Eksperimen politik yang dilancarkan Kepala Staf Kepresiden (KSP) Moeldoko untuk mengkudeta Agus Harimurti Yudhoyono (AHY) dari posisi Ketua Umum (Ketum) Partai Demokrat akhirnya dipersepsikan sebagai gimik politik. Hal itu dapat terbukti ketika melihat peristiwa politik belakangan ini.
Menurut pengamat politik dari Motion Cipta Matrix, Wildan Hakim, kudeta Moeldoko atas kepemimpinan AHY di Partai Demokrat merupakan masalah serius di ranah hukum. Mengingat, dalam kudeta tersebut Moeldoko melakukan langkah serius dari sisi hukum. Seandainya kudeta itu berhasil, besar kemungkinan kartu politik AHY mati dan sosoknya tidak akan masuk ke dalam kabinet seperti sekarang.
"Upaya merebut jabatan Ketua Umum Partai Demokrat dari tangan AHY itu merupakan tindakan serius. Moeldoko butuh energi dan nyali yang besar untuk bisa melaksanakannya. Namun perlu diperiksa ulang, seberapa besar peluang Moeldoko untuk bisa merebut Partai Demokrat," kata Wildan kepada
Kantor Berita Politik RMOL, Selasa (27/2).
Wildan menilai, langkah Moeldoko untuk menjadi Ketum Partai Demokrat merupakan eksperimen politik. Secara teknis, peluang Moeldoko untuk jadi Ketum Demokrat terbilang kecil. Mengingat, Demokrat dikendalikan langsung Presiden ke-6 RI Susilo Bambang Yudhoyono (SBY) sebelum tampuk ketum diserahkan langsung kepada AHY.
"Dengan kondisi seperti itu, aksi Moeldoko beberapa waktu lalu itu sebatas drama yang kemudian jadi bahan berita. Efeknya bagus bagi Partai Demokrat," kata Wildan.
Menurut Wildan, nama Demokrat menjadi bahan pemberitaan hingga isu nasional. Langkah berani Moeldoko sebagai Kepala KSP juga tidak ditegur Presiden Jokowi. Padahal, Moeldoko itu merupakan bagian dari para pembantu Jokowi.

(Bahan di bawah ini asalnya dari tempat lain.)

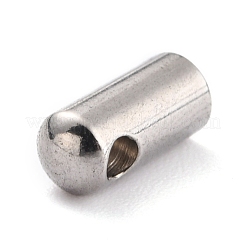 変色しにくい304ステンレススチールコードエンド  エンドキャップ  ステンレス鋼色  10x4.5mm  穴：2mm  内径：3.5mm&nbsp;STAS-H153-03A-P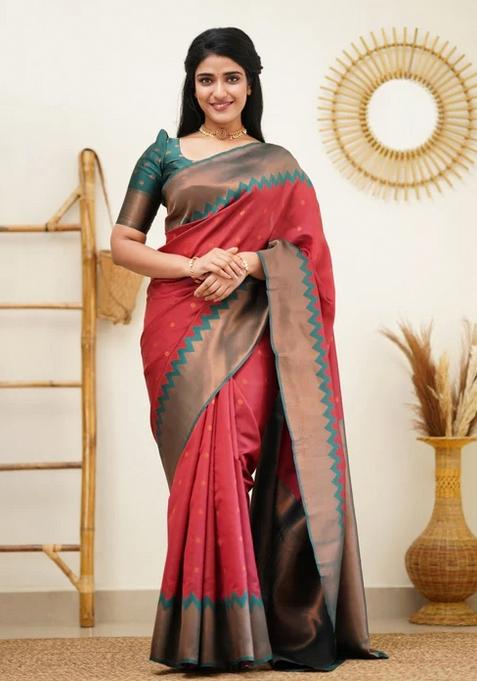 Maroon Jacquard Silk Blend Saree Set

"Kontroversi atau polemik yang muncul seolah memberi panggung bagi AHY untuk unjuk aksi membangun solidaritas partai," kata Wildan.
Kini, kata dosen ilmu komunikasi Universitas Al Azhar Indonesia ini, dengan bergabungnya Demokrat ke koalisi pendukung Prabowo Subianto-Gibran Rakabuming Raka, membuat situasinya berubah total.
"Terlebih ketika Jokowi memasukkan AHY ke dalam kabinetnya di bulan-bulan terakhir. Eksperimen politik yang dilancarkan Moeldoko akhirnya dipersepsikan sebagai gimik politik. Terbukti, pada saat Moeldoko dan AHY bersua mereka terlihat asyik," tutur Wildan.
Apalagi, kata Wildan, selama masa-masa kudeta Demokrat dulu, Moeldoko dan AHY tidak pernah bertemu muka secara langsung. Keduanya hanya saling adu pantun yang kemudian menjadi komoditas berita.
"Aroma kontroversi antara kedua nama ini memang ada. Tapi tetap dirancang agar tidak emosional. Mungkin begitulah tradisi politikus Indonesia, harus ada drama-dramanya," pungkas Wildan.